Based on Henri Charrière’s international best-selling autobiographical books “Papillon” and “Banco”, and inspired by the screenplay by Dalton Trumbo, the screenplay for the new re-imagining of Papillon was crafted by Aaron Guzikowski (Prisoners, Contraband) and the film was directed by Michael Noer (R, Northwest).
Papillon is a thrilling adventure and a powerful portrait of the resilience of the human spirit, even in the face of utter inhumanity.
It follows the epic story of Henri “Papillon” Charrière (Charlie Hunnam – King Arthur: Legend of the Sword, The Lost City of Z), a safecracker from the Parisian underworld in 1931 who is framed for murder and condemned to life in the notorious penal colony on Devil’s Island. Determined to regain his freedom, Papillon forms an unlikely alliance with quirky convicted counterfeiter Louis Dega (Rami Malek – “Mr.
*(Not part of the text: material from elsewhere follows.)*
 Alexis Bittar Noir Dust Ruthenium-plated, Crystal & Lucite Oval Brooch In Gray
Robot,” Bohemian Rhapsody), who in exchange for protection, agrees to finance Papillon’s escape.
Filled with shocking details about life in one of the world’s most hellish environments, Charrière’s autobiographical novel became a global bestseller when it was first published in 1969 and remains a modern classic in the genre of prison literature.
Producer Joey McFarland, a producer of The Wolf of Wall Street and executive producer of the dark crime drama Out of the Furnace, has wanted to create a new feature version of Charrière’s remarkable story for quite some time.
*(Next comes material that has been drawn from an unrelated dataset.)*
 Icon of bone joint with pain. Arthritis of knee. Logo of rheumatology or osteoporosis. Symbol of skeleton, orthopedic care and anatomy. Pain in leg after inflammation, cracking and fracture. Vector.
“The 1973 film was one of my favorite movies growing up, and I watched over and over again,” he says. “But at the same time, I always felt there was an opportunity to reintroduce the material to modern audiences.”
McFarland, acknowledges that the idea of making an updated version of Papillon was not without its controversies.
“Whenever you tackle a remake or a re-imagining of a classic, one of the biggest hurdles is trying to differentiate it from the original without losing the integrity of the story.”
The solution, he realized, was to revisit Charrière’s original literary works and paint a broader picture of the jewel thief’s remarkable story.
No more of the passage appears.